With neo-Nazis marching in American cities, the national faith in absolute free expression is breaking down – even inside the organisation sworn to defend it, the ACLU. By Alex Blasdel
Late last summer, the American Civil Liberties Union faced a mounting crisis over its most celebrated cause, which many consider the lifeblood of democracy: freedom of speech. For nearly a century, the ACLU has been the standard-bearer of civil liberties in the US, second only to the government in shaping Americans’ basic rights. Although the organisation has been at the vanguard of many of the country’s most hard-fought legal battles – desegregation, reproductive rights, gay marriage – the argument among its staff last summer, over whether to continue representing white supremacists in free-speech cases, was more intense than anything the organisation had seen before.

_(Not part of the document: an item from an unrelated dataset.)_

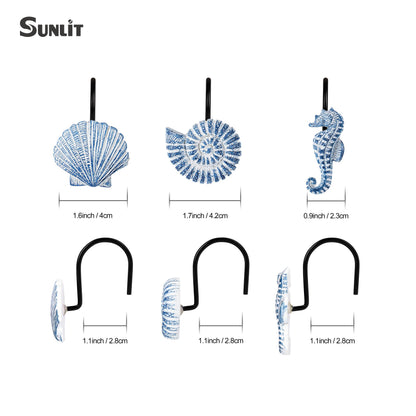 Sunlit Seashells Decorative Shower Curtain Hooks, Aqua Blue Ocean Creatures Coastal Shower Curtain Rings with Black Hooks, Resin, Nautical Bathroom Decoration Beach Shower Curtain Hooks, Set of 12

After Donald Trump was elected, the ACLU had positioned itself as a leader of what it calls “the resistance”, suing the administration over voting restrictions, illegal detentions, and the Muslim travel ban. It recruited celebrities such as Tom Hanks, Mahershala Ali and Tina Fey to raise money and reassure worried Americans. “The ACLU has had your back for almost a hundred years,” one ad declared. “We got this.” In the nine months after the election, the organisation’s paying membership quadrupled to more than 1.5 million people, and it received more than $80m in donations.